Statistics and data modelling
Statistical computing is where R shines. There are a large number of built-in functions, as well as libraries (called packages, in R parlance) that implement many of the standard statistical models that you might want to use. There is also a lot of functionality that supports the use of these statistical techniques.
For example, if you wanted to cluster some data and display the results as a dendrogram, you could simply do the following:
clusteringResults <- hclust(data)
This code takes your input 'data', applies a default clustering method to it (hclust) and then outputs the results to the 'clusteringResults' object, which has a plotting method that can be called to make the dendrogram plot.
An added advantage of R in this regard is that people are able to contribute packages to R, which can be optionally installed by the user. This means that the R community are continuously adding new statistical methods to the functionality of R.
Avoid FOR loops!
FOR loops are slow to execute in R. This is because they don't benefit from the heavily optimised compilation like languages such as C, C++ and FORTRAN. This is a problem less than you might think, but sometimes your software simply needs a big loop that will end up being so slow as to be noticeable. R does provide vectorised versions of many of its built-in functions, which can redress this problem a lot of the time (for example, multiplying all elements in an array by a common factor). It also has provision for linking to code written in languages like C and FORTRAN, which means that if there is one critical bottleneck in your code, you can consider re-coding that part in a much faster language.
Plotting and graphics
The R project website has this to say about graphics in R.
"One of R's strengths is the ease with which well-designed publication-quality plots can be produced, including mathematical symbols and formulae where needed. Great care has been taken over the defaults for the minor design choices in graphics, but the user retains full control."
We think this is a very reasonable statement to make. When you're producing analysis results, you just want to be able to type a one-line command and have the right plot appear on-screen. This is very often possible using R. This is convenient because it means you can keep focusing on the analysis problem rather than having to stop and begin thinking about how to write graphics code. It's also very nice when things just work!
This also means that R makes a decent graphics package for producing scientific plots, even if your results were generated outside R. Write them to a file, read them into R and away you go!

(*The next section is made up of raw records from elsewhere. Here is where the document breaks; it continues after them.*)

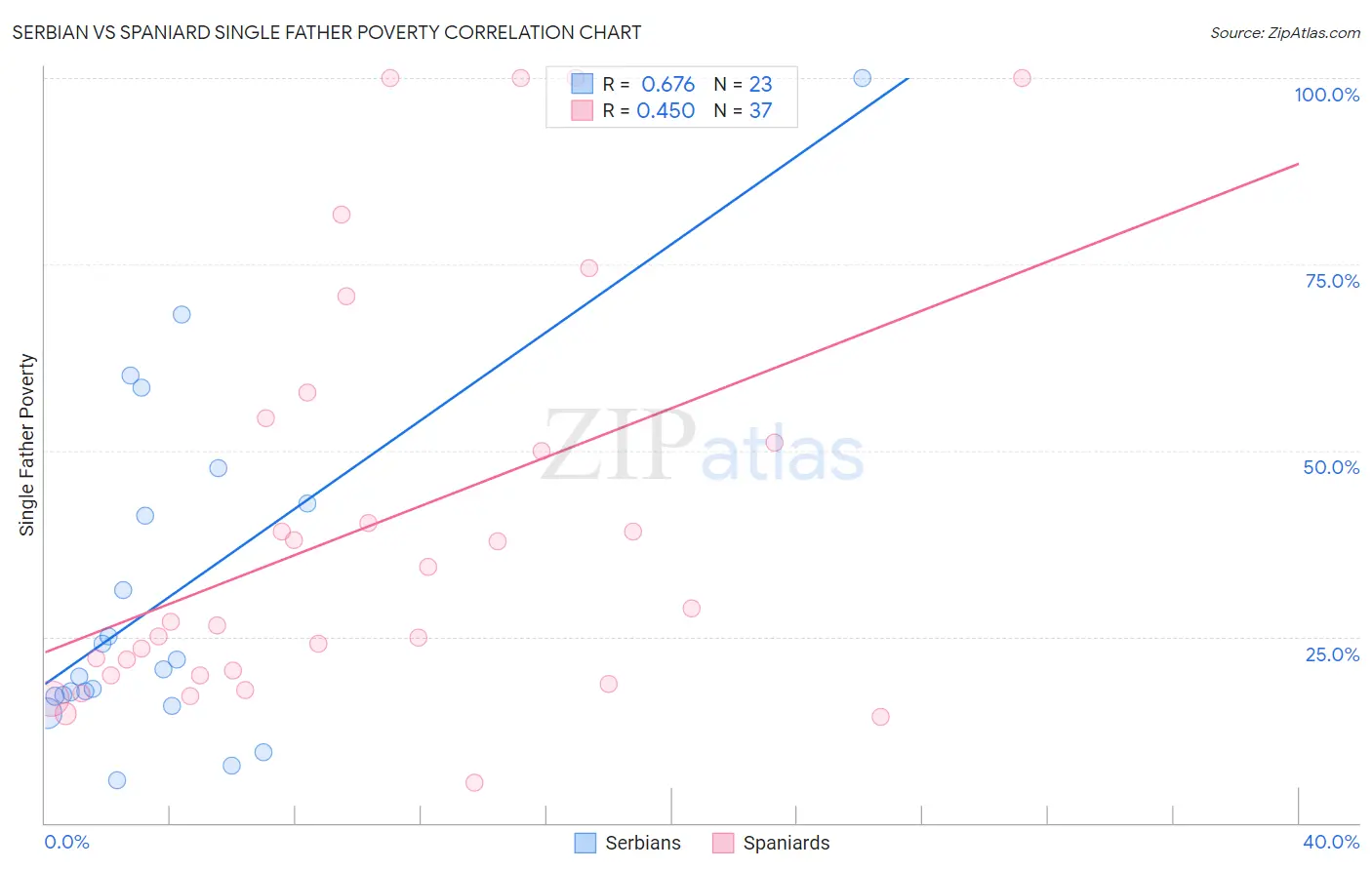 Serbian vs Spaniard Single Father Poverty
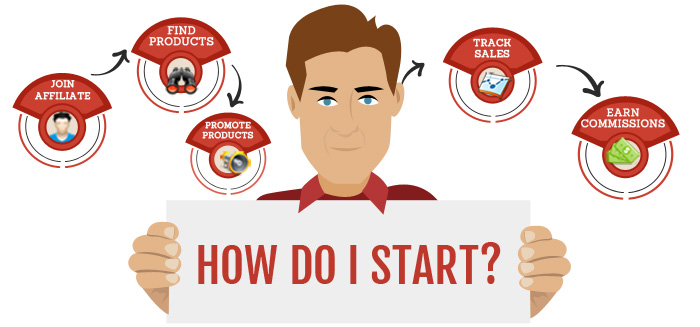 [img.3] Bisnis Affiliasi sebagai alternatif Bisnis Online Gratis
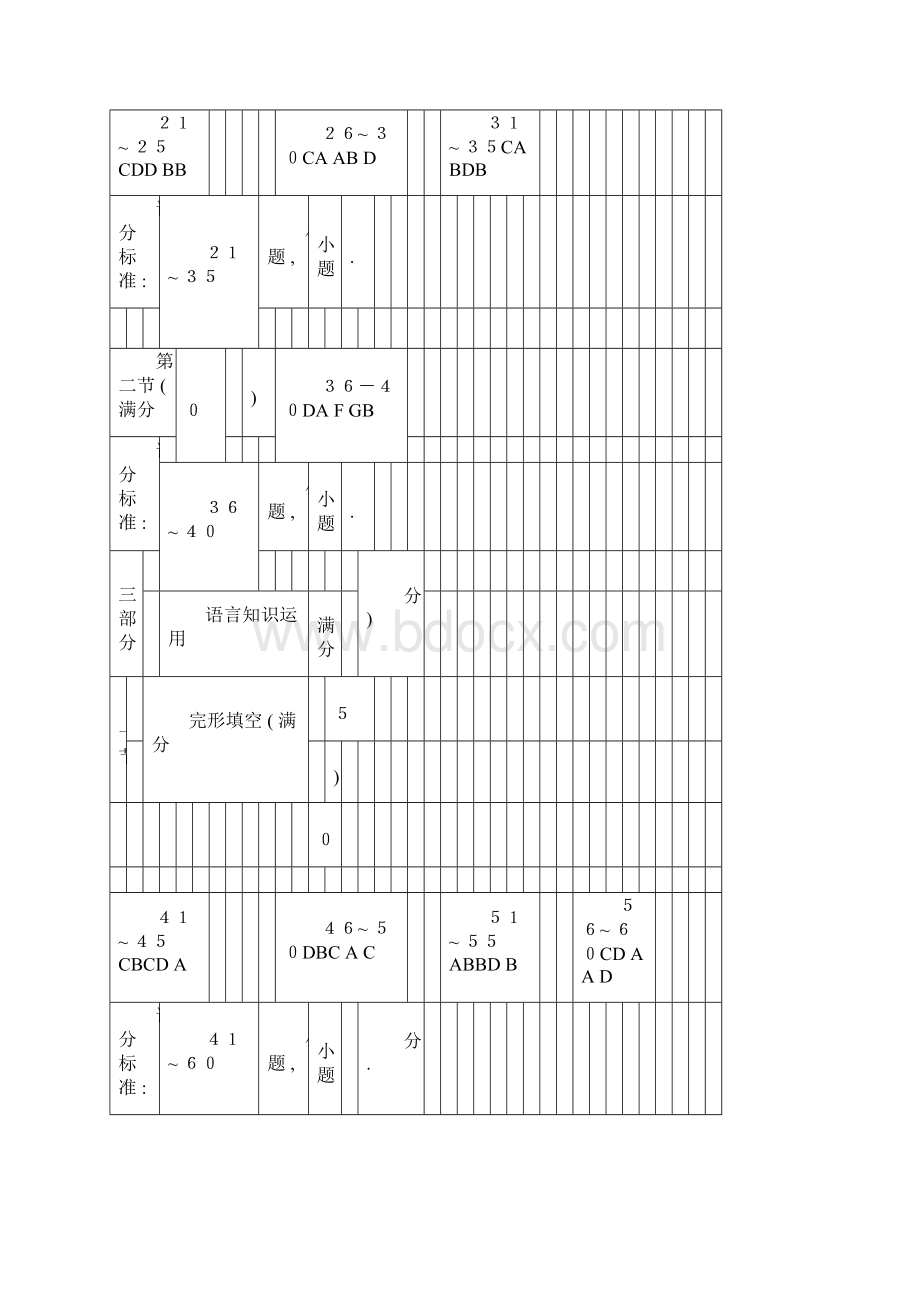 成都市级高中毕业班摸底测试英语docx.docx_第2页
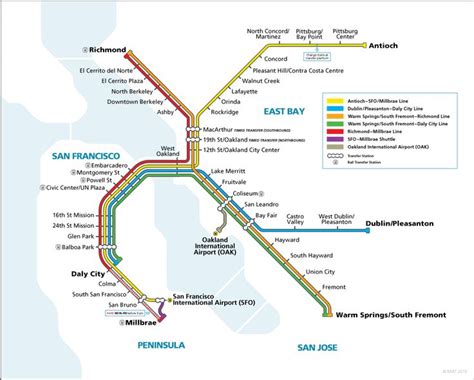 How Much Is The Bart From San Francisco Airport To Downtown?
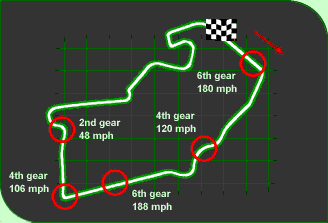 Circuit
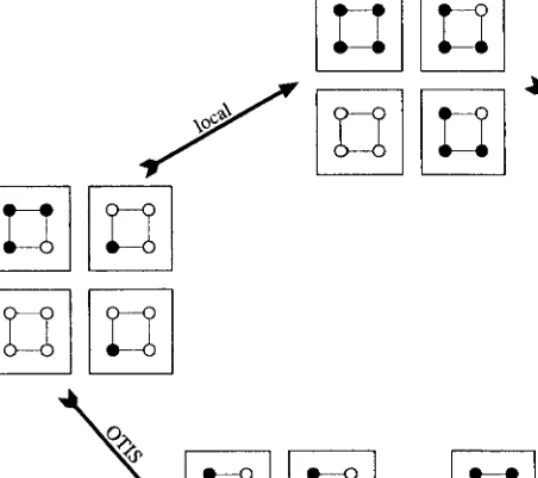 FIG. 6. OTIS-expander routing.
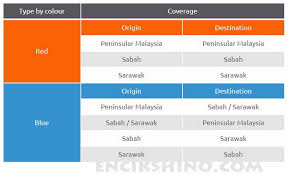 Tapi sebelum itu, pastikan dulu berat dan saiz barang yang nak di pos itu, supaya nanti tak ada masalah tak muat nak masuk atau apa ke. Cara Menggunakan Perkhidmatan Pos Laju Malaysia Hantar Barang Dalam Negara Dan Luar Negara Encikshino Com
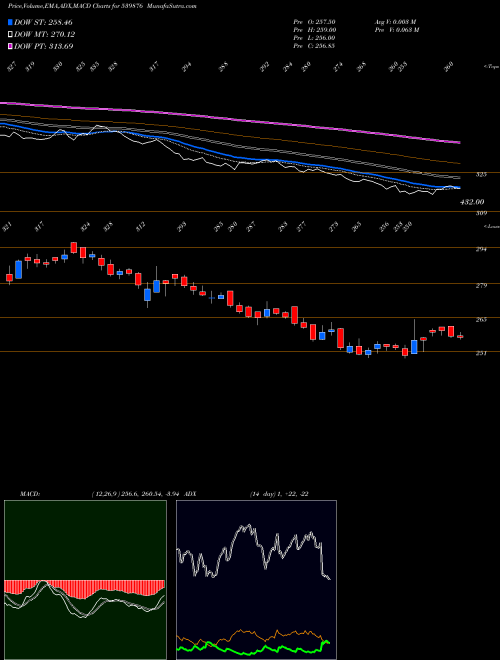 MACD charts various settings share 539876 CROMPTON BSE Stock exchange 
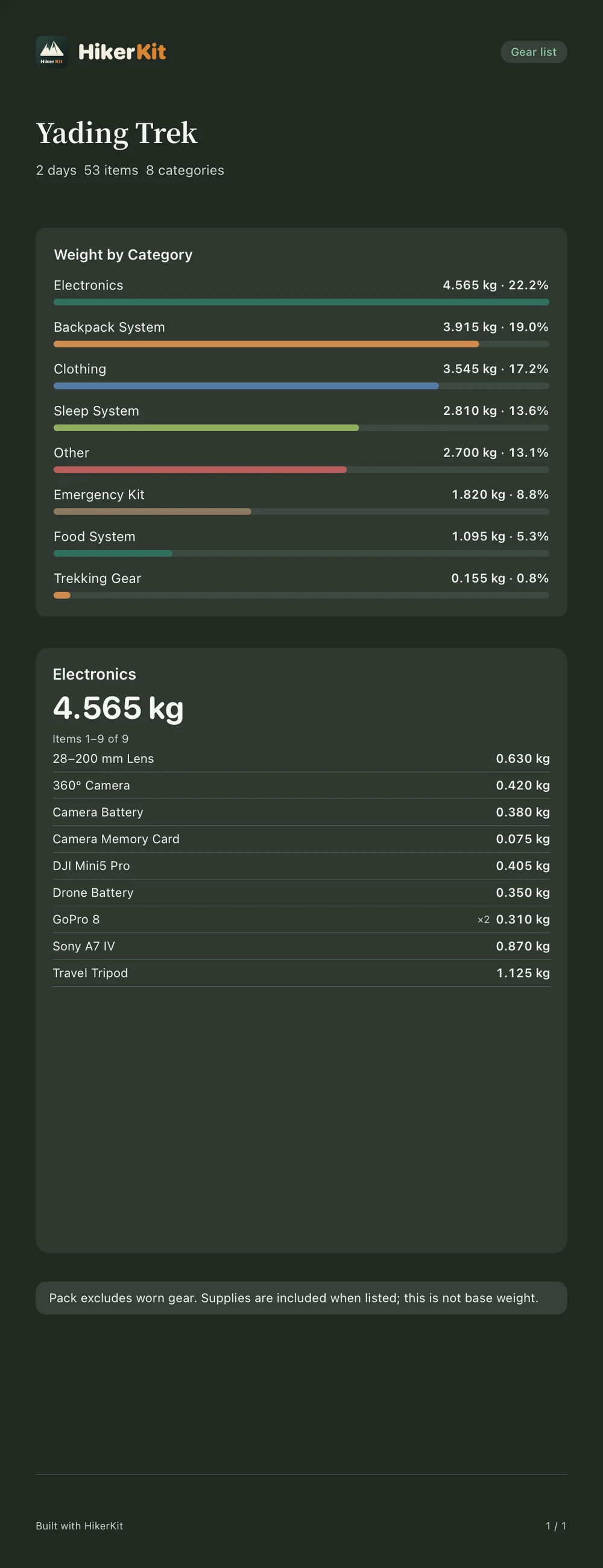HikerKit 2.0 Actual English image export — Actual dark Electronics long-image PNG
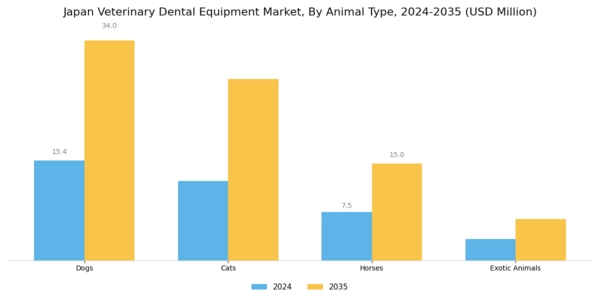 Japan Veterinary Dental Equipment Market Segment Image 1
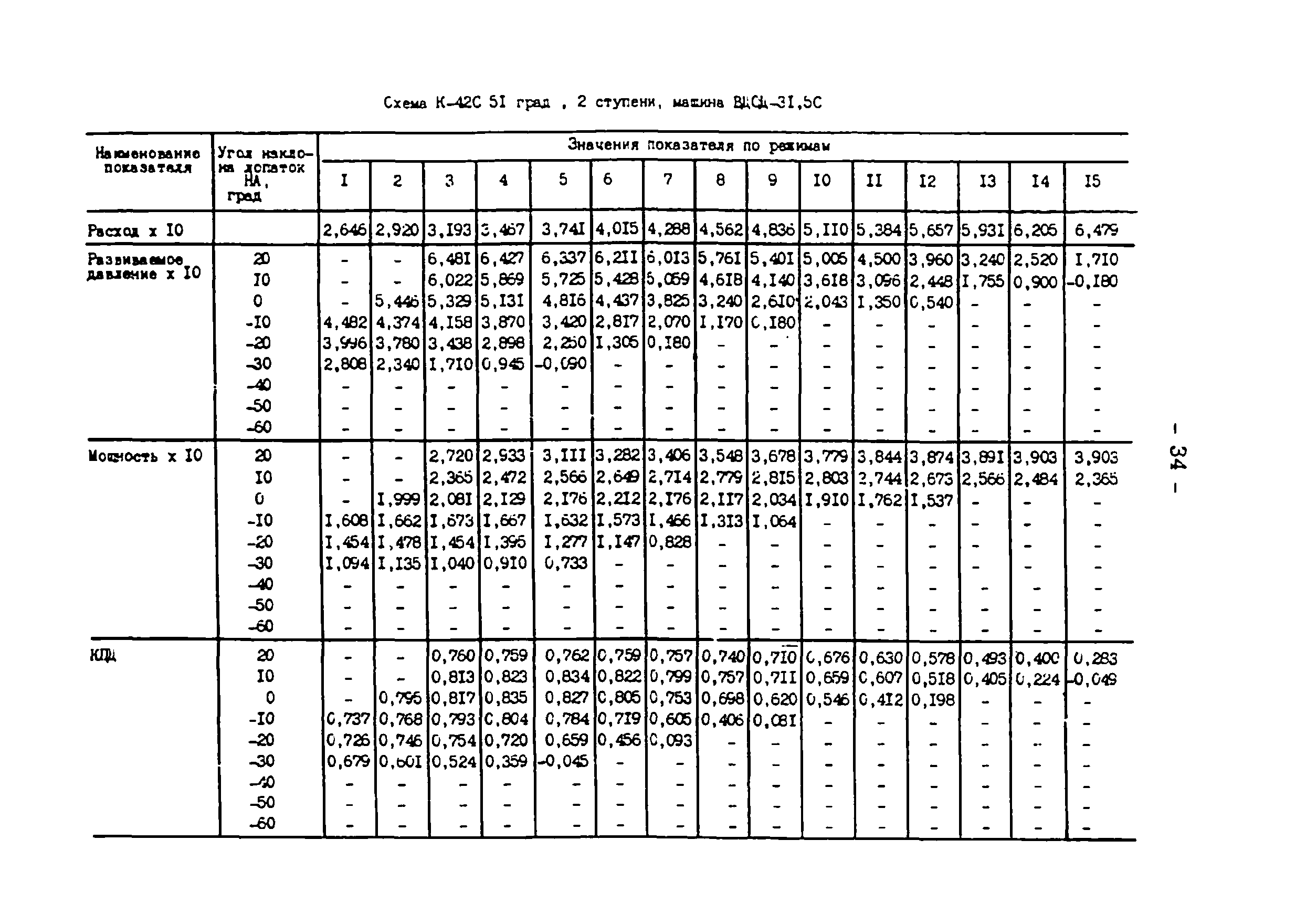 СО 34.32.504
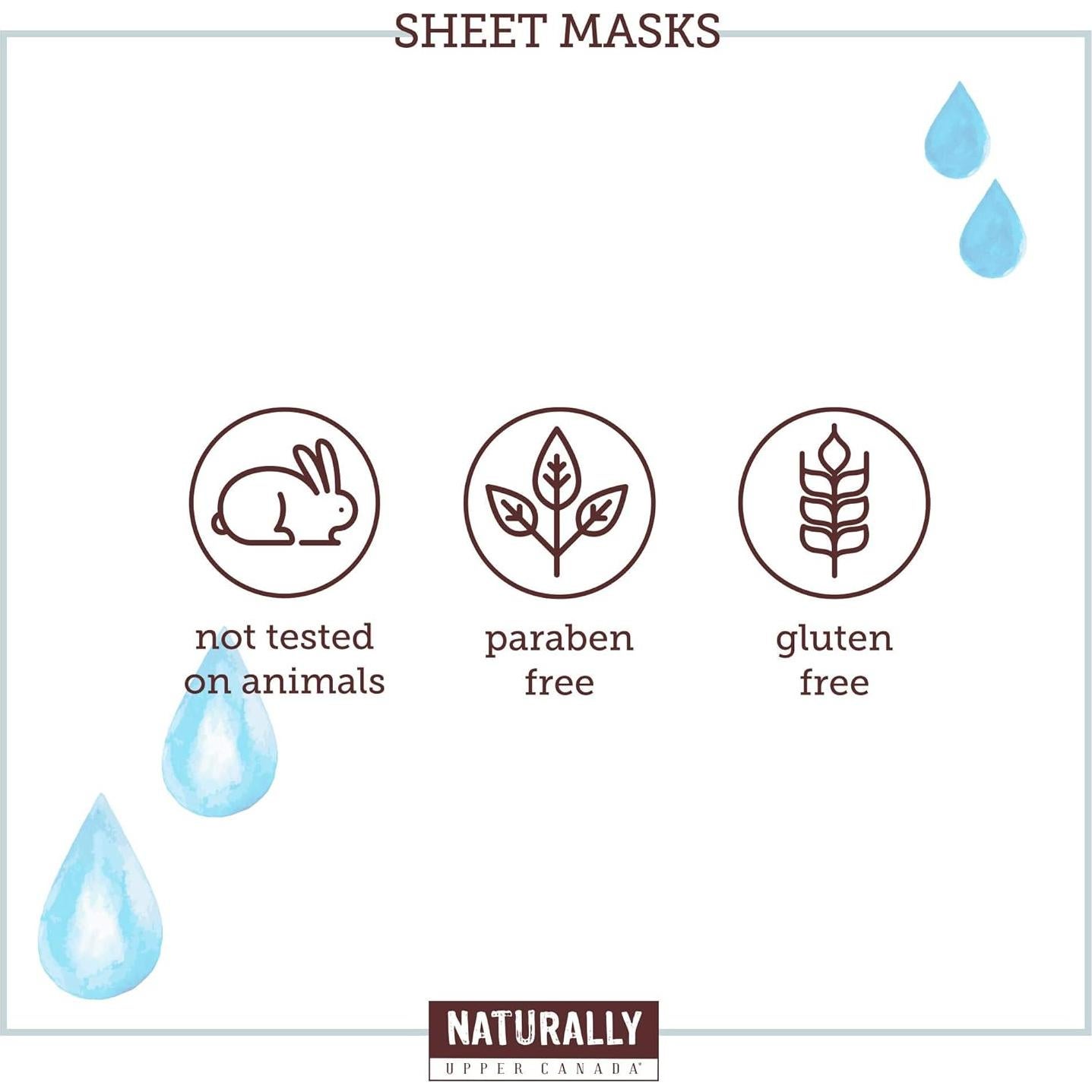 Mascarilla Hidratante Naturally 30 con Ácido Hialurónico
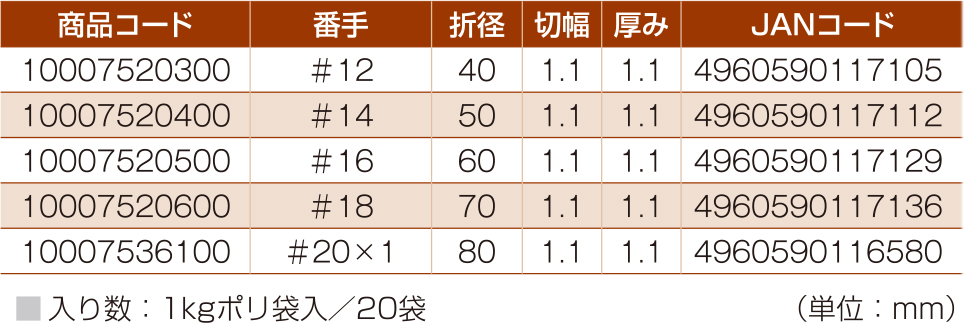 ハートインゴムバンド標準1kgポリ袋入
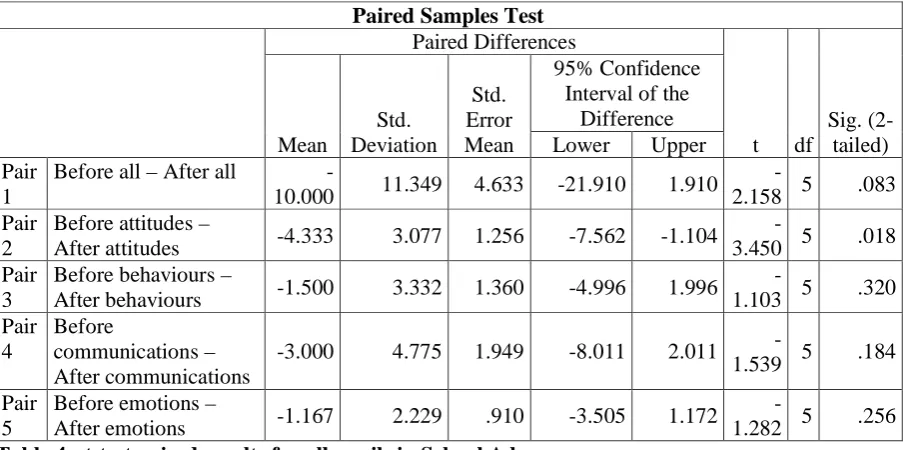Table 4:  t-test paired results for all pupils in School A by group  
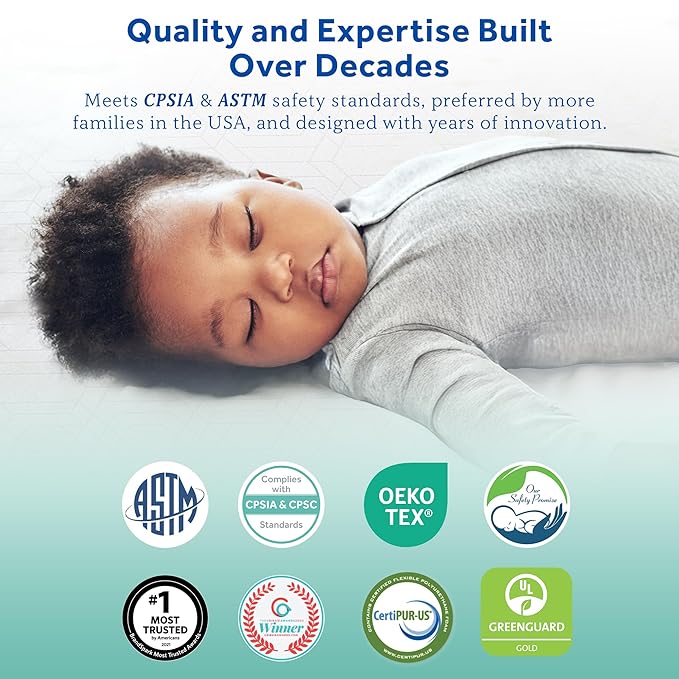 Sealy Baby Refresh Breathable 2 Stage Waterproof Crib Mattress Plus Toddler Bed Fit, Removable Knit Cover, GREENGUARD Gold Certified, Safety & Quality Tested, Made in USA, 52X28 -White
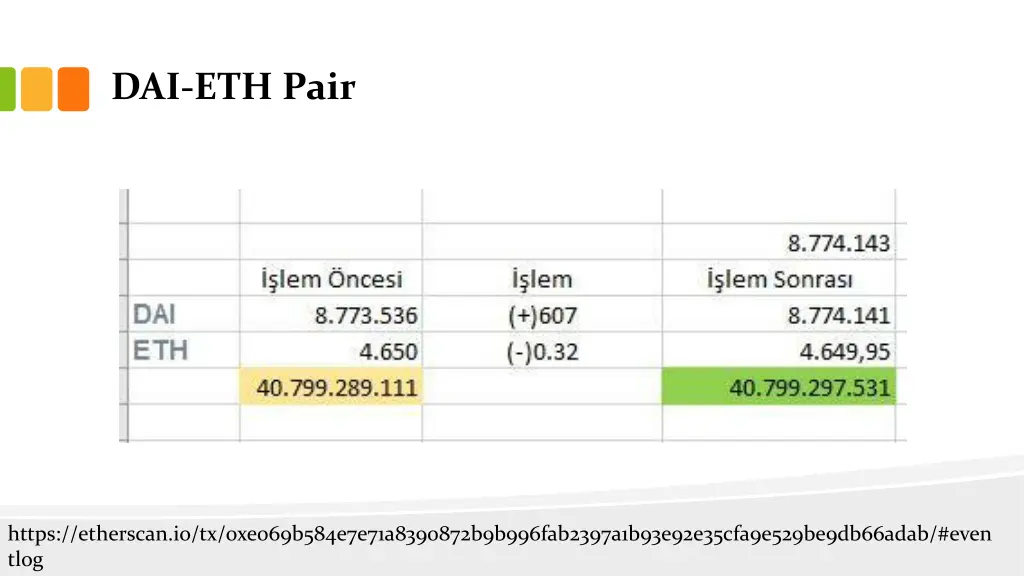 dai eth pair 5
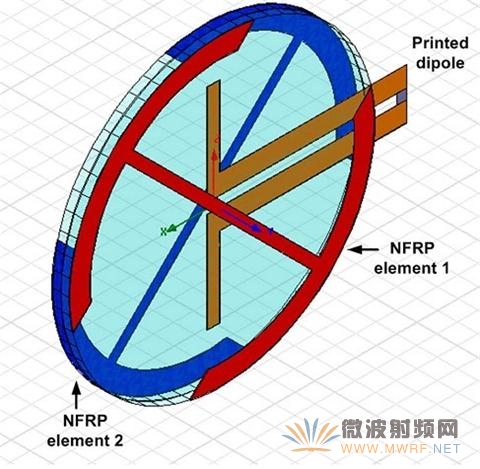 GPS L1 NFRPԲ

Use the libraries/packages
A real strength of R is the package system, because it allows users of R to contribute their own optional libraries to the R project and makes these packages easy for other users to install and use. This makes R a collaborative project that is constantly adding implementations of new statistical techniques. There are two huge advantages to this. The first is that you can often save a big chunk of time on your project simply because someone has already implemented the technique you require, so all you have to do is install their package. The second is that the package contributors are often experts in the relevant field and are often implementing a technique that has only recently been developed. This means that R is a great way to gain access to implementations of techniques from the cutting edge of statistics research.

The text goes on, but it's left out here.